It’s been a very rainy evening, perfect for reading a good book. Other than the Good Book (or rather collection of books), the following is here is what I’m reading this summer, from most to least esoteric.
As an aside, I like the word esoteric; it has a nice sound to it. For those who debating whether or not to jump up for a dictionary, esoteric means usually understood by a select or small group of people with special knowledge or interest. Not Gnosticism, the pantheistic “secret knowledge” sect, but simply a smaller interested audience.
First on the list is Dark Night of the Soul bySt. John of the Cross, the E. Allison Peers translation, which apparently is the standard. You have to be very careful which translation you get because the phrase “dark night of the soul” has been hijacked to describe a whole lot of things St. John of the Cross never intended. Mostly they are pop psychology pieces on going throught a difficult time. When I was first looking for the book, I ran across a “contemporary” translation. My notes at the time: You know, because the literal translation is so wooden. (cough). This review said that, “by minimizing the explicit scriptural references of the original text, she (the author) makes the treasure of Dark Night more accessible to readers of all traditions.” Duh, if you get rid of what is intrinsic, you end up with something different than the original. Oh, I missed a line in the review. “(The author’s) lively translation transcends the narrowness of Peer’s to reach a wide audience.”
Indeed, to get what St. John of the Cross wrote, it’s necessary to read it from a Catholic perspective, which mean an accurate translation of both the book and Scripture refernces.
A priest once told me that the purpose of the dark night of the soul is to bring the person into more constant prayer. Several saints have undergone this dark night, the most recent well known being Blessed (Mother) Teresa of Calcutta.
My own reading has been more like nibbling at the text, a little at a time. Catholic mystics have always fascinated me. Their experience at first seems so far removed from everyday life, and yet, Mother Teresa was very active in everyday concerns. And yet, St. John’s work does fit in the esoteric category in the sense that people come to it at a very specific time in their spiritual life.

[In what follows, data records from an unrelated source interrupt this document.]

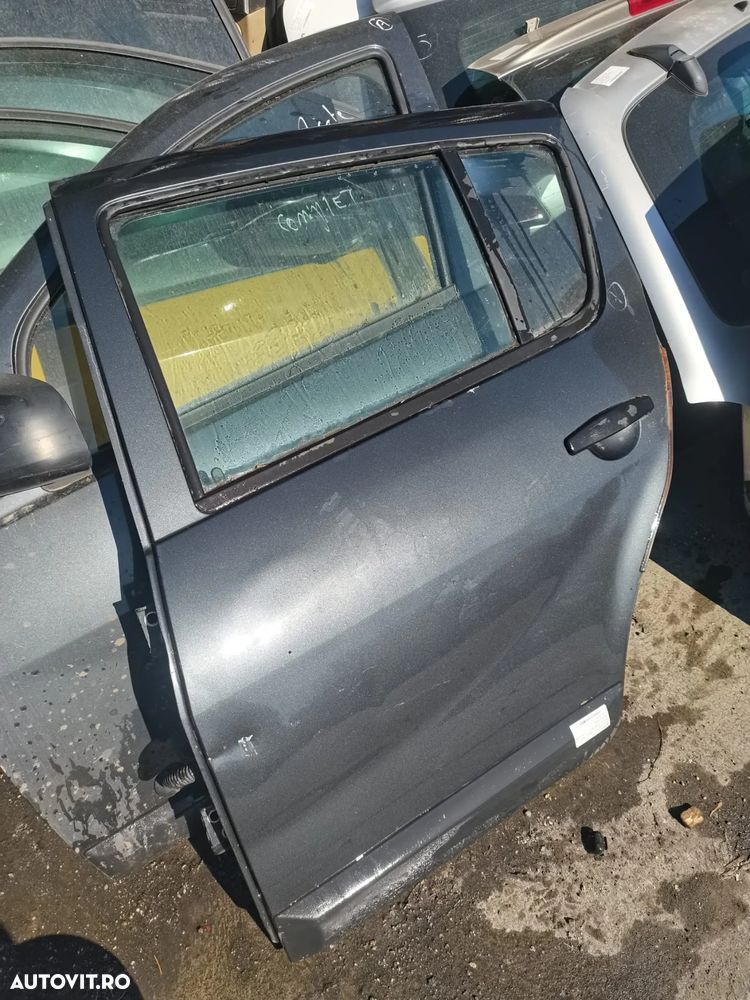 Usa stanga spate Daci Sandero 1 - 1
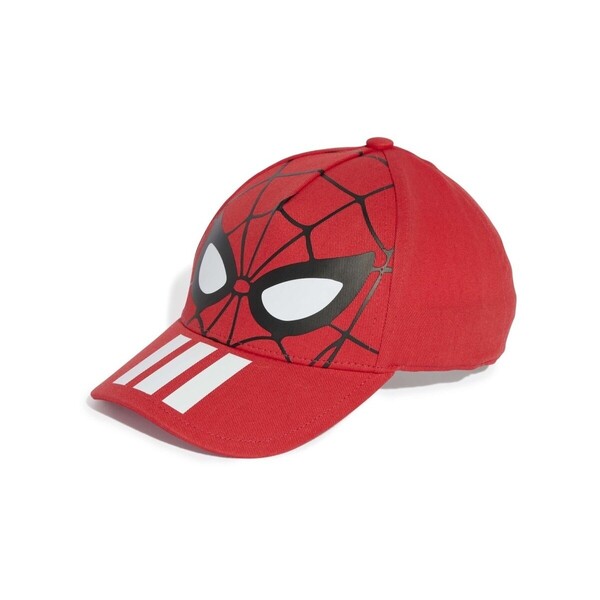  Adidas  Czapki Z Daszkiem Dziecko Adidas  Lk Mrvl Sm Cap  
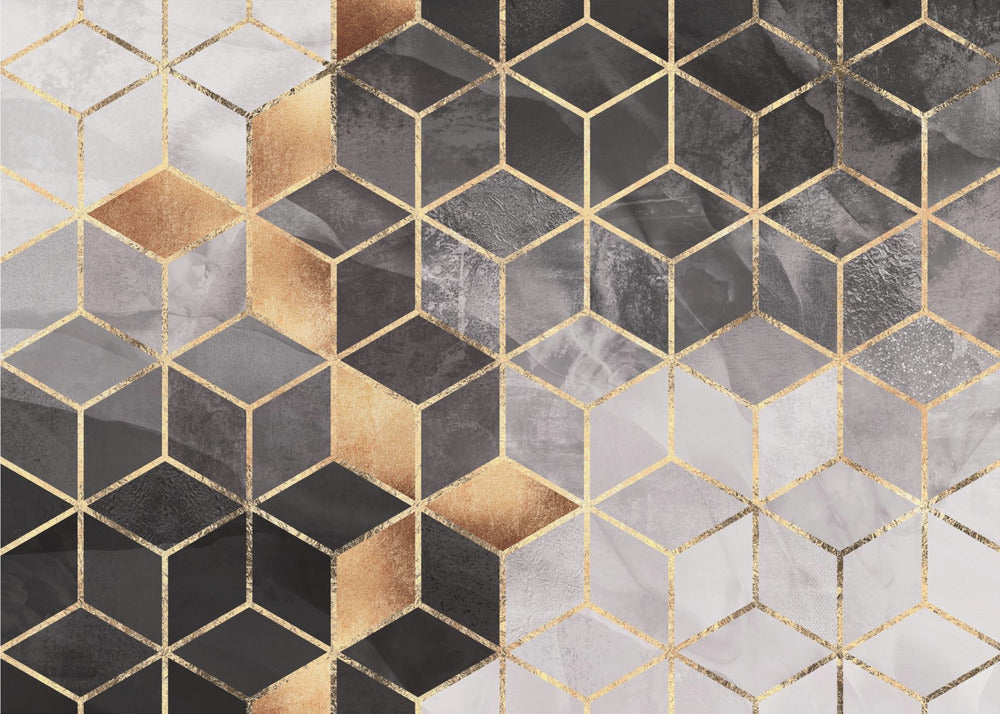 Smoky Cubes | Poster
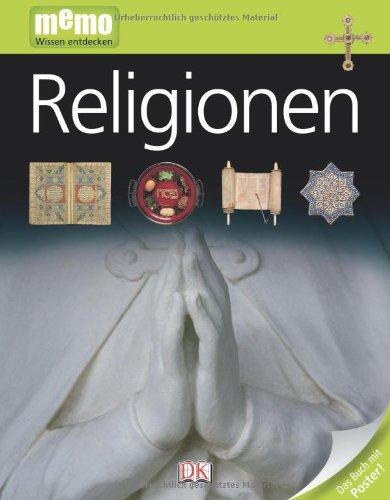 memo Wissen entdecken, Band 72: Religionen, mit Riesenposter!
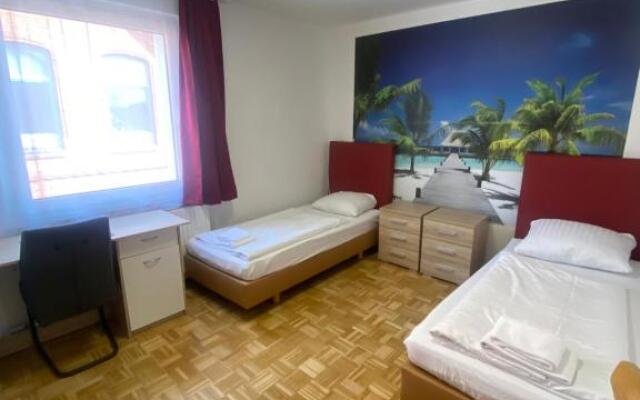 Othman Appartements Hannoversche Straße 23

For the more common times of spiritual dryness, an excellent book is Fr. Thomas Green’s When the Well Runs Dry. I can’t find my copy at the moment, but I just checked Amazon and Barnes and Noble and it’s still in print and available. Fr. Green, who died four months ago, was a Rochester native as noted by Rochester blogger Lee Strong, who had the good fortune of meeting Fr. Green.
As usual, I’ve rambled, so the other two summer books will have to wait until later this week.